# Task to complete:
Please restate the data exactly, from the first line to the last.

*** Opening Input data ***

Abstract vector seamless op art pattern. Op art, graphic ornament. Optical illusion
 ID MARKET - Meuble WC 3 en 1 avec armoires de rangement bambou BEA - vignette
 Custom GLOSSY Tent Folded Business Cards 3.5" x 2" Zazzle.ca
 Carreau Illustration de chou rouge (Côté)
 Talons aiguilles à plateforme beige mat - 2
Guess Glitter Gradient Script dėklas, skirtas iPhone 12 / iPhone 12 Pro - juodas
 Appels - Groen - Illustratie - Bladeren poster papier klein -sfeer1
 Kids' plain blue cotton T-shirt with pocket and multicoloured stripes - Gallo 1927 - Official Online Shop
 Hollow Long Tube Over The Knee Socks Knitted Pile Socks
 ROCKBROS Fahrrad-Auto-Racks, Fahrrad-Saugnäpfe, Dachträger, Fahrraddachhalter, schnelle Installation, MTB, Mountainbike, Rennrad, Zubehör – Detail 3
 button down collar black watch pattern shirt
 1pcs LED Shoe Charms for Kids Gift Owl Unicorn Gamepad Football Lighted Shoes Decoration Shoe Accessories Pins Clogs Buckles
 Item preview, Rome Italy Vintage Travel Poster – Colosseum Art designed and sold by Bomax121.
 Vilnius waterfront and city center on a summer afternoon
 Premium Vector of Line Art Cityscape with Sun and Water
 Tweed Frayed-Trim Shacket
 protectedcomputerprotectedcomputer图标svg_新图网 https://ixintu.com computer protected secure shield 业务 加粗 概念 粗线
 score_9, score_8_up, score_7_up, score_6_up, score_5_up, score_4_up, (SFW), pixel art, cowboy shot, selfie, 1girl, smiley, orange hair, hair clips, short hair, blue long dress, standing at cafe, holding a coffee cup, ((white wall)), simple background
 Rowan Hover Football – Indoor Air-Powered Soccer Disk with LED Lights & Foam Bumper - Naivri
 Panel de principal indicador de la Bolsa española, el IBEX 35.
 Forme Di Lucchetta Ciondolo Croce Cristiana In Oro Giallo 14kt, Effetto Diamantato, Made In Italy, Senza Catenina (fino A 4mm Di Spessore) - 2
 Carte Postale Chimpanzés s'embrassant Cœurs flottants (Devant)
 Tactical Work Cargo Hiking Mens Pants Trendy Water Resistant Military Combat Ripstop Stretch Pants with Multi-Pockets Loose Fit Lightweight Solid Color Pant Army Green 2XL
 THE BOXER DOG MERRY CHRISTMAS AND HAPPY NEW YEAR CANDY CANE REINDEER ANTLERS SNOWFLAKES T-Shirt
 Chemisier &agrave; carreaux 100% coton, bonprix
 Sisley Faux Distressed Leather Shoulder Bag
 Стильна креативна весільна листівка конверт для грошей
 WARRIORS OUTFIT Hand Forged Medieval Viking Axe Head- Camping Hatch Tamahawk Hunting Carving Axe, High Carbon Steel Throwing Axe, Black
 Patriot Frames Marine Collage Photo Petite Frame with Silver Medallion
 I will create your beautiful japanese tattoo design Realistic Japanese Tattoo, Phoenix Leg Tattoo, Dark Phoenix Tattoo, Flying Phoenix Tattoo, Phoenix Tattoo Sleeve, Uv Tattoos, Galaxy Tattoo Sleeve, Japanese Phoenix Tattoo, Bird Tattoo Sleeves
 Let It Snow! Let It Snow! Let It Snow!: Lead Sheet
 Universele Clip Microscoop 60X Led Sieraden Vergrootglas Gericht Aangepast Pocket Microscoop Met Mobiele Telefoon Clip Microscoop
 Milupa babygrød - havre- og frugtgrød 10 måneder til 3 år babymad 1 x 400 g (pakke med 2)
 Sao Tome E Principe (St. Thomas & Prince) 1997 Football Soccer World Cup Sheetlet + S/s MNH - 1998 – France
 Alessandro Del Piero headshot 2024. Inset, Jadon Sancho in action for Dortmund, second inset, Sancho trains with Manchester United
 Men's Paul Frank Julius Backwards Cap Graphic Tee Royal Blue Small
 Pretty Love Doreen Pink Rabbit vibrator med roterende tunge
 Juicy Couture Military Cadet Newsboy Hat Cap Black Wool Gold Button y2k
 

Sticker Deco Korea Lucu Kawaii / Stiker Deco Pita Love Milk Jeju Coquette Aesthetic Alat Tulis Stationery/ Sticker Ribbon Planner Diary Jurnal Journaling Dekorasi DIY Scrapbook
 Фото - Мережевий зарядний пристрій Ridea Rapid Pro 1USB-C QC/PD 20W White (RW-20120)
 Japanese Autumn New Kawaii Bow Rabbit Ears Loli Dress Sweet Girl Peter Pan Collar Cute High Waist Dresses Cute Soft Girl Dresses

*** Closing Input data ***

# Finished task:
Abstract vector seamless op art pattern. Op art, graphic ornament. Optical illusion
 ID MARKET - Meuble WC 3 en 1 avec armoires de rangement bambou BEA - vignette
 Custom GLOSSY Tent Folded Business Cards 3.5" x 2" Zazzle.ca
 Carreau Illustration de chou rouge (Côté)
 Talons aiguilles à plateforme beige mat - 2
Guess Glitter Gradient Script dėklas, skirtas iPhone 12 / iPhone 12 Pro - juodas
 Appels - Groen - Illustratie - Bladeren poster papier klein -sfeer1
 Kids' plain blue cotton T-shirt with pocket and multicoloured stripes - Gallo 1927 - Official Online Shop
 Hollow Long Tube Over The Knee Socks Knitted Pile Socks
 ROCKBROS Fahrrad-Auto-Racks, Fahrrad-Saugnäpfe, Dachträger, Fahrraddachhalter, schnelle Installation, MTB, Mountainbike, Rennrad, Zubehör – Detail 3
 button down collar black watch pattern shirt
 1pcs LED Shoe Charms for Kids Gift Owl Unicorn Gamepad Football Lighted Shoes Decoration Shoe Accessories Pins Clogs Buckles
 Item preview, Rome Italy Vintage Travel Poster – Colosseum Art designed and sold by Bomax121.
 Vilnius waterfront and city center on a summer afternoon
 Premium Vector of Line Art Cityscape with Sun and Water
 Tweed Frayed-Trim Shacket
 protectedcomputerprotectedcomputer图标svg_新图网 https://ixintu.com computer protected secure shield 业务 加粗 概念 粗线
 score_9, score_8_up, score_7_up, score_6_up, score_5_up, score_4_up, (SFW), pixel art, cowboy shot, selfie, 1girl, smiley, orange hair, hair clips, short hair, blue long dress, standing at cafe, holding a coffee cup, ((white wall)), simple background
 Rowan Hover Football – Indoor Air-Powered Soccer Disk with LED Lights & Foam Bumper - Naivri
 Panel de principal indicador de la Bolsa española, el IBEX 35.
 Forme Di Lucchetta Ciondolo Croce Cristiana In Oro Giallo 14kt, Effetto Diamantato, Made In Italy, Senza Catenina (fino A 4mm Di Spessore) - 2
 Carte Postale Chimpanzés s'embrassant Cœurs flottants (Devant)
 Tactical Work Cargo Hiking Mens Pants Trendy Water Resistant Military Combat Ripstop Stretch Pants with Multi-Pockets Loose Fit Lightweight Solid Color Pant Army Green 2XL
 THE BOXER DOG MERRY CHRISTMAS AND HAPPY NEW YEAR CANDY CANE REINDEER ANTLERS SNOWFLAKES T-Shirt
 Chemisier &agrave; carreaux 100% coton, bonprix
 Sisley Faux Distressed Leather Shoulder Bag
 Стильна креативна весільна листівка конверт для грошей
 WARRIORS OUTFIT Hand Forged Medieval Viking Axe Head- Camping Hatch Tamahawk Hunting Carving Axe, High Carbon Steel Throwing Axe, Black
 Patriot Frames Marine Collage Photo Petite Frame with Silver Medallion
 I will create your beautiful japanese tattoo design Realistic Japanese Tattoo, Phoenix Leg Tattoo, Dark Phoenix Tattoo, Flying Phoenix Tattoo, Phoenix Tattoo Sleeve, Uv Tattoos, Galaxy Tattoo Sleeve, Japanese Phoenix Tattoo, Bird Tattoo Sleeves
 Let It Snow! Let It Snow! Let It Snow!: Lead Sheet
 Universele Clip Microscoop 60X Led Sieraden Vergrootglas Gericht Aangepast Pocket Microscoop Met Mobiele Telefoon Clip Microscoop
 Milupa babygrød - havre- og frugtgrød 10 måneder til 3 år babymad 1 x 400 g (pakke med 2)
 Sao Tome E Principe (St. Thomas & Prince) 1997 Football Soccer World Cup Sheetlet + S/s MNH - 1998 – France
 Alessandro Del Piero headshot 2024. Inset, Jadon Sancho in action for Dortmund, second inset, Sancho trains with Manchester United
 Men's Paul Frank Julius Backwards Cap Graphic Tee Royal Blue Small
 Pretty Love Doreen Pink Rabbit vibrator med roterende tunge
 Juicy Couture Military Cadet Newsboy Hat Cap Black Wool Gold Button y2k
 

Sticker Deco Korea Lucu Kawaii / Stiker Deco Pita Love Milk Jeju Coquette Aesthetic Alat Tulis Stationery/ Sticker Ribbon Planner Diary Jurnal Journaling Dekorasi DIY Scrapbook
 Фото - Мережевий зарядний пристрій Ridea Rapid Pro 1USB-C QC/PD 20W White (RW-20120)
 Japanese Autumn New Kawaii Bow Rabbit Ears Loli Dress Sweet Girl Peter Pan Collar Cute High Waist Dresses Cute Soft Girl Dresses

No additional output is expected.